Image source: awesomelyluvvie.com

The Quarter Life Crisis

Cartoon 'Now What' about The Quarter Life Crisis - HeadStuff.org
Image source: awesomelyluvvie.com

With colleges becoming increasingly expensive and the flaws in the system shining ever bright; on top of also slaving away during the night, working jobs you hate to keep your head tipping just above the water, it’s easy for the mind to become clogged, and to forget what it is we’re doing or why we’re doing it.

 

There’s a growing phenomenon amongst twenty-somethings; a crisis emerging that’s becoming more obvious every day. Young Irish students and youths just don’t seem to be satisfied or happy in their college lives or in the direction they’re heading. We seem to be so focused on getting a place in college – any place – that we’ve started forfeiting our hopes and dreams to secure one. And thus we have a predicament which seems unique to our generation of post-apocalyptic Celtic Tiger survivors, a quarter-life crisis.

 

We make choices that we believe will make us money, satisfy our well-intentioned families, impress our peers and impress ourselves. It seems in today’s climate, achieving our dreams isn’t something we can afford to spend time concentrating on. So what’s the result? Masses and masses of young people, draining themselves of energy to get that degree to secure that job; only to find that when they get there – if they get there – they’re blooming miserable.

 

So you’ve done everything ‘right’, you’ve got the course you studied for or you’ve achieved the degree or made it into the better paying job, but you’ve found yourself slipping in and out of excruciating bouts of inertia and self loathing, engulfed and swallowed down the slimy throat of working life in a cannibalistic society that is ruthlessly willing to resort to any measures to survive, just as you are. Whatever you’re doing right now, wherever you are in your life presently, can you see yourself still doing it, still being there in thirty, forty years time?

Advertisement

 

Wouldn’t it make more sense that a society of happy people would achieve more of a positive impact or produce more creative ideas and solutions than a society of melancholic robots churning out money at the cost of their sanity?

 

A couple of years ago I was travelling down this exact path. I jumped into a course which I didn’t research or, to be honest, I didn’t really care about in the hopes that some magic spark would set off inside me and I’d somehow, by the grace of God, end up in any kind of paying job, not really thinking too much about what that job would be. But a couple of months and half-hearted assignments later I was back sitting at home not knowing what to do or what route to take.

 

Something inside me was nagging at me; I knew I had a purpose, something I was supposed to be doing somewhere. I had a huge zest for life tangled inside me not knowing which direction to shoot in.

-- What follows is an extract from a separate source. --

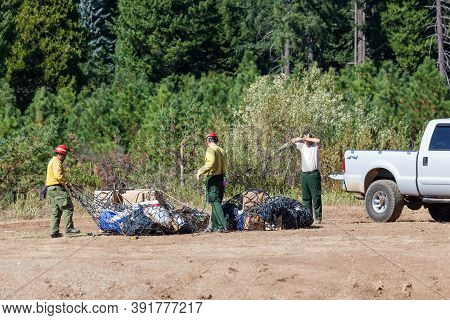 Prospect,  Oregon / Usa - September 9, 2014:  Wildfire Fighting Support Teams Receive Supplies Dropp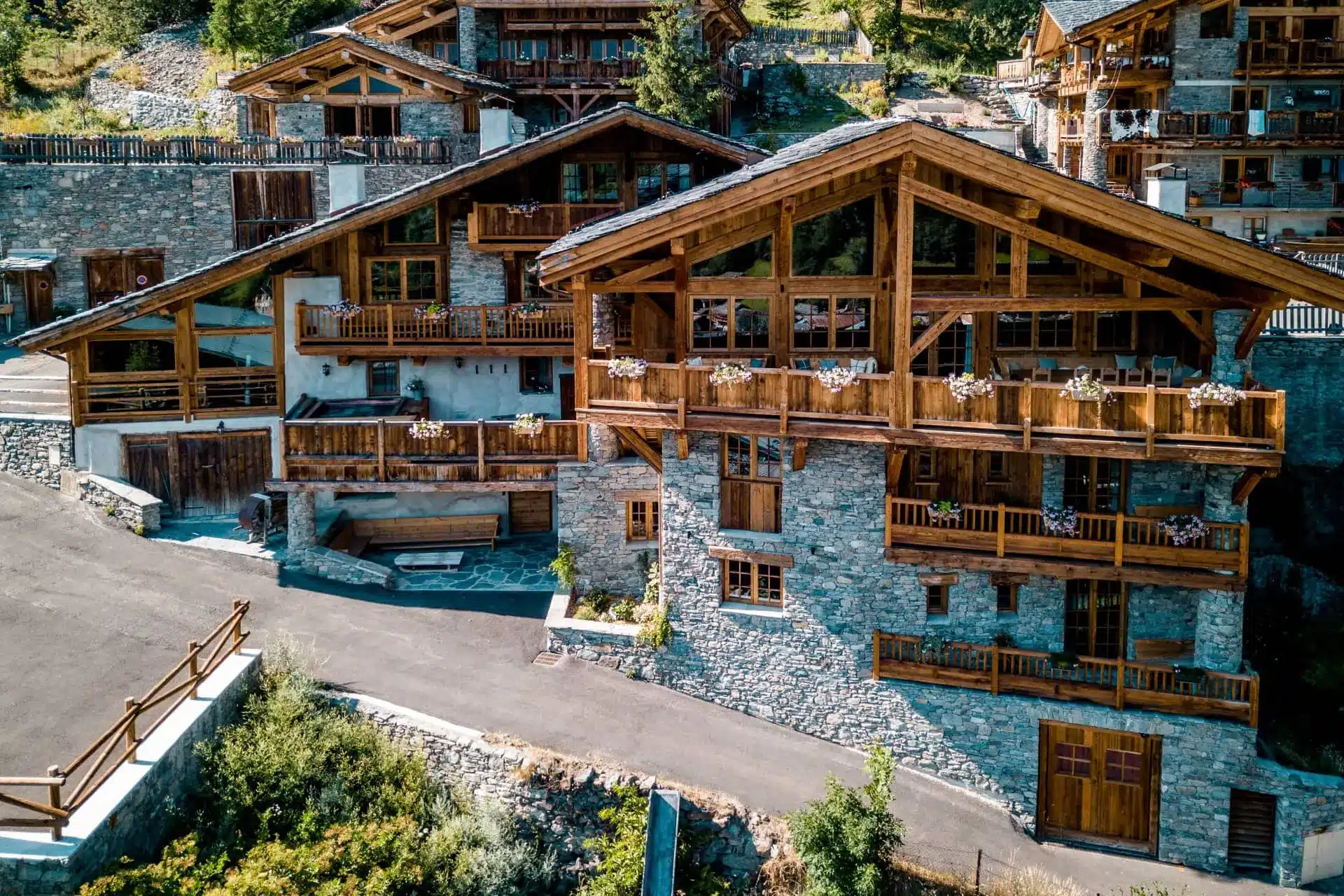 Snow-covered Alpine chalets with steep roofs and wooden balconies sit above a winding mountain road.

I needed to stop, I needed to listen to myself.

 

And so began my year on the dole. My year of experimentation and my year of re-enacting the movie ‘Yes Man’. I followed my gut without restriction and I accepted every invitation. I faced the humiliation of the dole queue for one year and lived off pennies; experienced social stigma and inferiority. I succumbed to my fears and let go of the safety net of college and the race to success.

 

It has been to date, the best decision I’ve ever made.

 

When you start using your heart and your tummy as a compass, you don’t just have lots of fun and make lots of (awful, AWFUL) mistakes; you remember things about yourself buried deep under the layers of debris left over from the inevitable collateral damages we all suffer during the trials and tribulations of adolescent and post-adolescent life.

 

As I had no responsibilities to speak of and all the time in the world cupped in my hands, my adventures led me back to places and things I’ve always loved. I rediscovered talents I’d let fade into obscurity and past-passions I let gather dust.

 

So when Lauren’s Big-Year-Of-Fun-And-Questionable-Decisions had to come to an end, I was mentally more energised and in tune with myself. For the first time in my life I didn’t feel pent up and restless and like a weary pensioner.

 

I made the choice to go back to college and chose a course that made my tummy do a little flutter, rather than the a course that looked favourable to my wilted bank account. I chose something intellectually nourishing – to me – and which supported what I was doing every day in my free time anyway – writing.

 

I’m now in my 2nd year of the only academic pursuit I’ve ever flourished in; I make time for writing as a hobby and I volunteer tutoring kids on how to write and feed what they’re already good at. I’m not earning a whole lot of money yet and it took a lot of tears and failures but my happiness and deep well-being has made me more productive in society than I ever would have been with a degree with no heart behind it.

 

My nugget of unsolicited advice to anybody lost and sinking further into a horrifying brain-clog crisis is this: follow relentlessly any obsession, love or passion that’s been with you like a best friend as far back as you remember. Make sacrifices, push yourself to your absolute limits until they break, fail, work hard and sweat; do only what makes your heart feel full and relieved. After happiness, abundance and money will find it’s way and follow you. An interesting and more flavoursome life will reward you with all the wealth you could ever dream of.